From The Desk Of Negativland: The Mutants

Negativland was asked to be guest editor of MAGNET this week, which poses a challenge to such a large collective of members with extremely disparate tastes and obsessions. Members Peter Conheim and Mark Hosler came forward to share what’s been on their minds lately and, indeed, what’s informed their thoughts and work over the years. The group’s new album is entitled It’s All In Your Head and, being entirely about faith, monotheism and why humans believe in God, comes packaged inside of an actual King James Bible. And while religion and intolerance are posing the biggest and toughest dilemmas facing the world today—well, excepting that climate business—Negativland will focus instead this week on such things as sounds, pictures and books. And the impending death of everything due to digital technology.

Mutants

Peter Conheim: They’ve only made one single LP, in 1982 (and it barely even got released at the time), but to my mind, San Francisco’s Mutants are the most eccentric pop band to ever come out of the city. Ostensibly lumped in with the punk scene of the time, starting as they did in 1977 in the first wave of the Mabuhay Gardens alongside the Avengers, the Nuns and the Dils (and, later, the Dead Kennedys and Flipper), the Mutants are really an edgy pop-music circus act, complete with three lead singers (Sue, Sally and Fritz, or Freddy, as he was sometimes called). Their unbelievably catchy, yet furiously double-guitar-driven tunes are about things as benign as furniture, clocks, magazines and wanting a new drug. (Yes, they really did have Huey Lewis rip them on off his peculiarly similar hit single.) But the songwriting and musicianship on display is anything but benign. Brendan Earley is a hooky genius of a melody writer, and the Siamese twin-like vocals of Sue and Sally presage the B-52’s and Crack: We Are Rock.

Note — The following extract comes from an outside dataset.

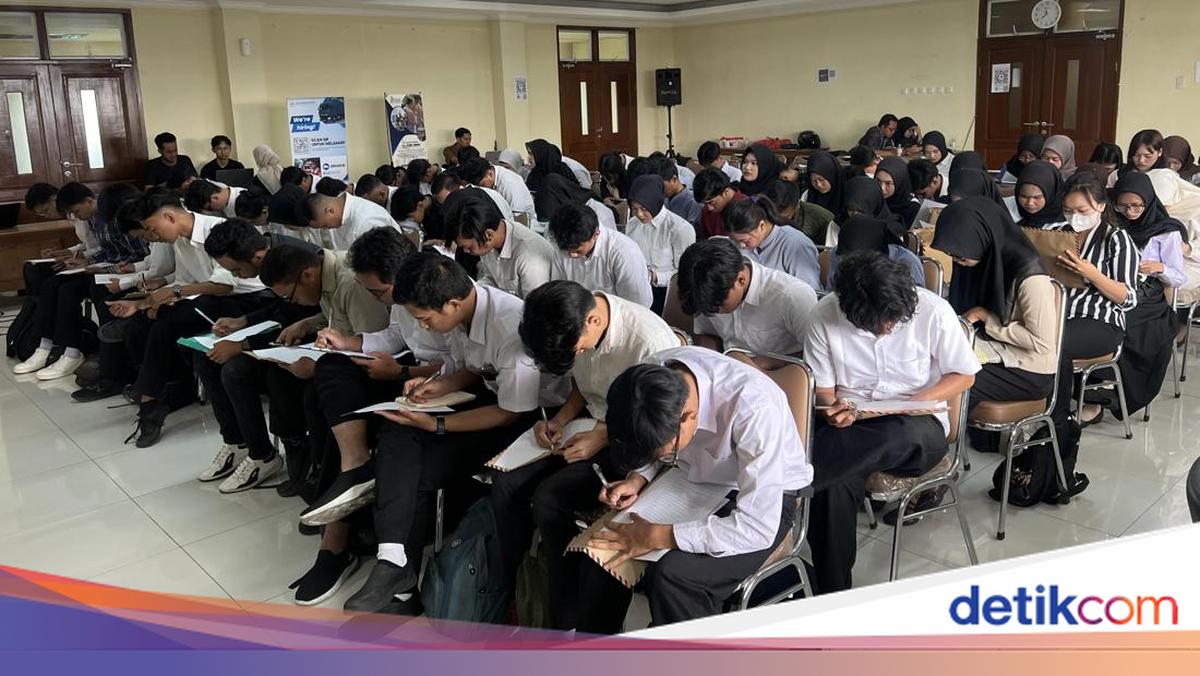 Story of Andika, a Vocational School Graduate Sandwich Generation Job Seeker at West Jakarta Job Fair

And then there is Fritz, a good foot shorter than Sue, yowling over the top of it all like a terribly nervous advertising executive being shouted down at a staff meeting and having to rise above the fray to get his points across.

The original seven-piece band still plays together from time to time, though the group went through several dramatic lineup changes towards the end of their initial era that left the singers the sole original members. Those later iterations of the group were also startlingly brilliant, and they produced an EP that never saw release at the time. Most people are familiar with Mutants through their handful of pre-LP singles and compilation tracks, but their magnificent Fun Terminal album is worth tracking down, especially when it inevitably gets a proper re-release with some of the amazing bonus tracks that this writer has heard, but the world at large has not. Are you listening, “hip reissue” record labels? I have all the master tapes. You can find me.